Temple of Tlahuizcalpantecuhtli (“Lord of the House of the Morning Star”), Tollán, 900 – 1200 AD
A myth, if it really is a myth and not a legend or a tale, has an independent existence as a
structure of intent. In this book, we propose that such a structure of intent, supported by individual experience and general agreement, has the power to shape – even generate – such experience and agreement, even
prior to the individual (or the group) being aware of the process. In plainer words, myths as independent structures of intent have
the power to shape or even generate experiential reality.
One would have to be very credulous indeed not to dismiss the above statement as preposterous without a very good explanation. This book attempts to provide such an explanation, the full comprehension of which requires that the reader, at least temporarily, agrees to accept
sorcery as an existential option.
Joseph Campbell, whose work inspired Lucas throughout the long gestation of Star Wars, could not do so and consequently did not further develop his radical theory of
the natural history of gods which he outlined in
The Masks of God: Primitive Mythology. His late experience of the miraculous (witnessing the practices of the
yamabushi, Japanese warrior monks renowned for their magical powers) probably caused a change of heart, as Campbell always accepted the evidence of the senses even when it threatened his most cherished convictions. Had he lived longer, the change would have eventually found expression in his work.
The term
edifice has not been used here to relieve one from the boredom of hearing “structure of intent” too many times. Closely connected as they may be, the two terms are not interchangeable. A structure is the underlying skeleton upon which an edifice is built. Any number of edifices can be built on the same structure.
But
intent? Is it not just another word for
intention or
purpose? And is an edifice not
always built to a purpose, or, if it is a natural one (all natural phenomena, we argue, are edifices of intent, which is not the same as saying that they are divine creations), does it not always give the appearance of an underlying purpose? Well, a
purpose is
the ultimate goal of an action or process (“the purpose of life”, answering the question “
what do you live
for?”), while
intention means “something we plan and have decided to achieve” answering a “what” question.

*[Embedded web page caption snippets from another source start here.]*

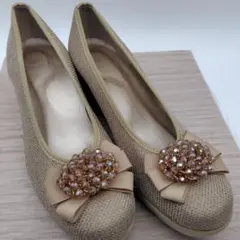 ビジュー付き 5.5cmヒール ソフトパンプス 日本製　23.5cm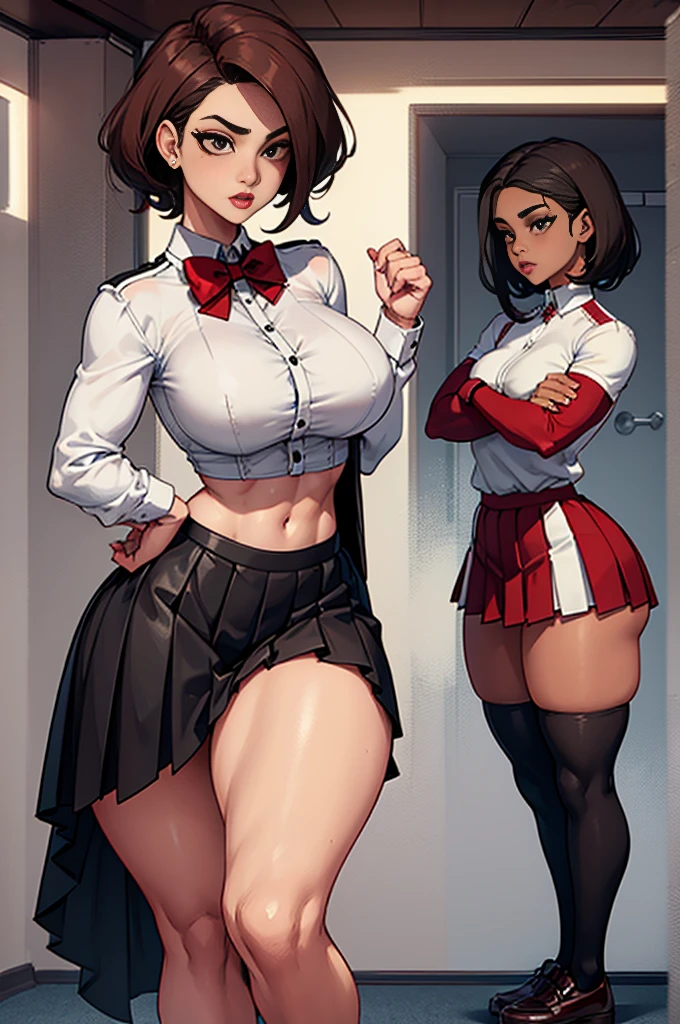 14-year-old IFBB model, white shirt, black leather bodice, white thigh socks, pleated red skirt, brown shoes, narrow waist, wide hips, thick thighs.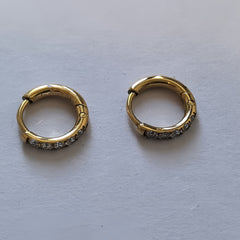 CZ Huggie Hoop Earrings/GOLD Stainless Steel
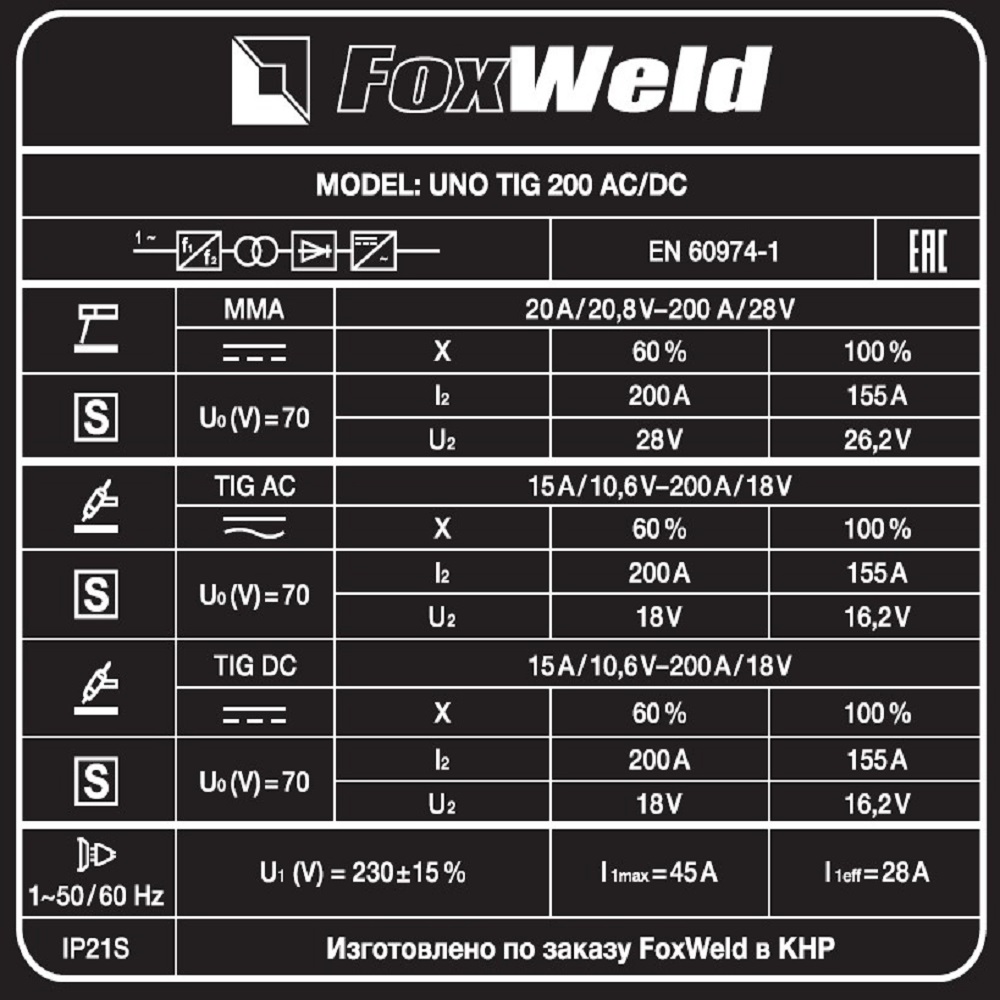 Аппарат аргонодуговой сварки FoxWeld UNO TIG 200 DC PULSE с НАКС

Neither makes sense as an edifice.
Within the parameters of this discourse (and some of the discourses from which this one was sourced),
intent appears to have at least as much to do with
intensity as with intention. Within the same parameters, we shall define intensity as “the degree of whatness”,
whatness here understood as
quidditas (a quasi-Latin word, used sometimes by French philosophers in its French form,
quiddité, and meaning “the quality of being something”). We shall also warn that whatness cannot be described.
Within the parameters of this discourse, then, we could define
intent as
maximum intensity whatness of phenomena, specific, generic or total,
and the pressure thereof, all rolled into one.
There is more about intent and traditions that work with it in the book. It is not as complicated as it appears: without the ability to manipulate intent, neither Vader nor Luke would be able to make inanimate objects such as lightsabers fly into their hands, as a lightsaber has no independent propulsion and a hand is not magnetic. In case you feel like saying that flying lightsabers are just special effects in a movie, remember that
hot coals on which Campbell walked were not.
Whilst working an edifice of intent can be very subjective, the edifice itself, if it is well constructed, remains objective and as such accessible to all, affecting even those who approach it without any prior knowledge of what it might be and what to expect of it, sometimes centuries and even millennia after it was first set up. “The more human imagination has dwelt around it to idealise it, the more definite that form becomes,” says Violet Mary Firth Evans (1890-1946), lay psychotherapist, a serious and thoughtful writer and an esoteric teacher of renown, better known under her pen name of Dion Fortune. “Consequently, subsequent generations of seers … are met by these images, the ‘creations of the created’, and will be deceived thereby, mistaking them for the abstract essence itself, which is not to be found upon any plane that yields images to psychic vision…” In spite of her period-specific and therefore antiquated idiom, it is obvious that Fortune is discussing edifices of intent.
At least some edifices of intent could be
independent of their creators and could have acquired a life of their own. Fortune: “These forms, once built, became channels of the specialised forces they were designed to represent, concentrating them upon their worshippers.”
Moreover, since in the realm of the abstract time
as a continuum does not exist (which pat statement does get elaborated in the book, fear not), it may not be inconceivable for an edifice of intent to be
operational before it has been erected, influencing ultimately its own creator or creators.
We propose that Star Wars are such an edifice, bearing in mind that, being
a work of art with no set boundaries, they must by definition include the entire universe as we have explained elsewhere on this site. As an edifice of intent, they have, to an extent, made its maker.
Conscious manipulation of intent (not of intentions!) is, within the parameters of this discourse, termed sorcery, which, as we said earlier on this page, we take as an existential option.